After the meal and the presents were handed out to the kids, Baby Jesus’ birthday cake was cut.  Followed by Patty’s reading of a special nativity story for the kid in each of us.




How my memories of Christmas Eve birthday parties returned as I remembered my own father’s reading each Christmas Eve from the big family King James Bible our daughter Jenn now has, of the Christmas Story. And it came to pass in those days, that there went out a decree from Caesar Augustus that all the world should be taxed…”


Martha drove us home and we promised to call her when we bring the coach over for our weekly chore.  The camp has a very nice RV park and all year long they have some who pay to camp here, and others who work-camp (exchange time and skill around the camp) for the hookups and space.

Martha tells us there are more work-campers now than ever before.  Mostly retired, but some not, who just need a rent free place to live, and are happy to work for it.

The sun set on our first Christmas Day as simply man and wife, mother and father, Grandad and Grammy.

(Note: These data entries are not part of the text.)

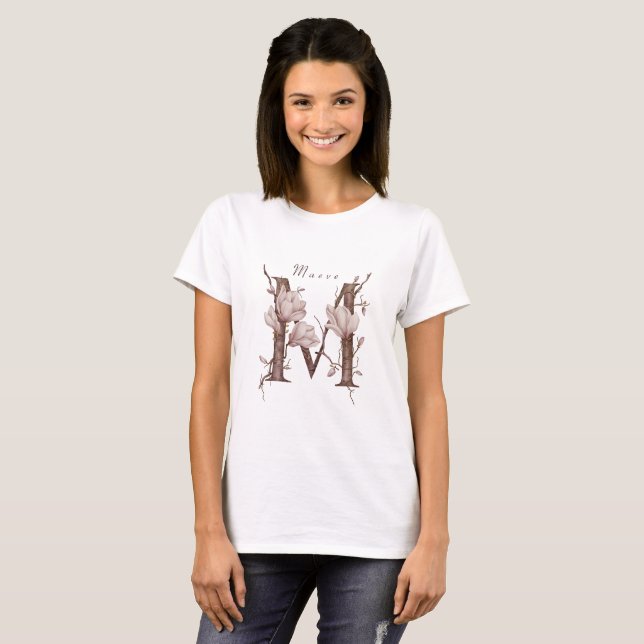 Minimalist Magnolia Monogram M T-Shirt (Front Full)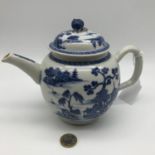 Antique Chinese teapot early 19th century blue and white landscape scene.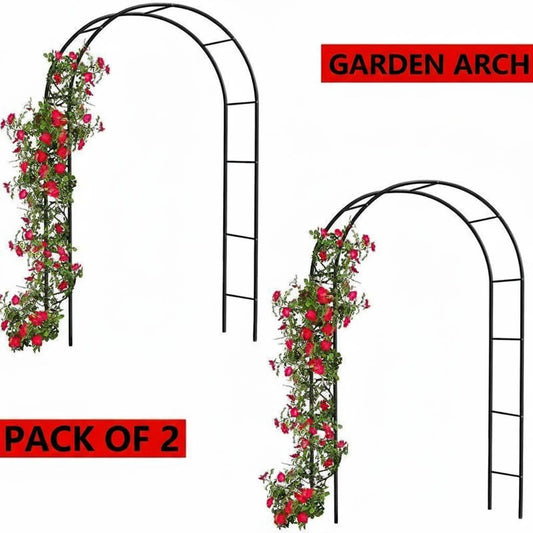 2.4M Garden Arch Trellis Metal Tubular Frame Climbing Plant Archway Arbour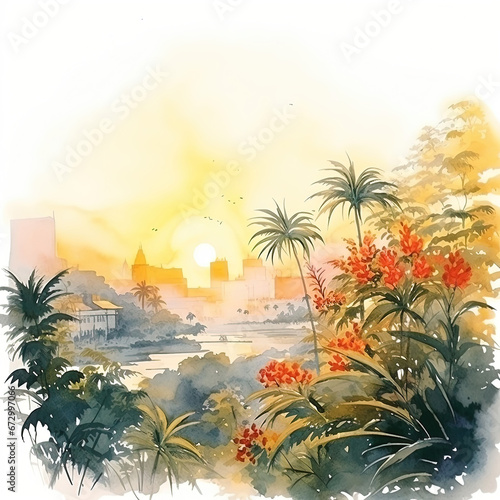 Watercolor painting  Dawn rising behind the city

Wonderful phone calls had been made, or messages left, between the many we have missed seeing.

And with darkness, we watched the wonderful late 1970’s ‘Best Christmas Pageant Ever’ starring Loretta Swit through Youtube, 



and the DVD we carry with us of that 1983 classic, ‘A Matter of Principal’ starring Alan Arkin.








Memories of Christmases past came floating over us, and the loving bond we share through all of them with our kids, grandkids, relatives and friends.


God has blesses us, when we ask Him to, even when we can’t get together for Christmas, everyone (per Tiny Tim).


-Ken

Wednesday, December 24, 2014

Merry Christmas Eve in ALVA

Christmas Eve in Alva, Florida, AND Alva United Methodist Church leads her community in celebrating the birth of Christ. And for newbies to the south at Christmastime like us, we can’t get over the climate.

The temperature is in the mid eighties, and a bit unseasonably humid today. The Ibis’s, after feeding on all the ground bugs they care to eat perch high in the trees to get a cool breeze.



But the Alva UMC Drive By Live Nativity rocks on!
 







Today Mona played Mary in the stable with me. We had new angels also. Amy and her son Riley and her 1 1/2 year old daughter Hannah- the cow.  I called her Chick-fil-a.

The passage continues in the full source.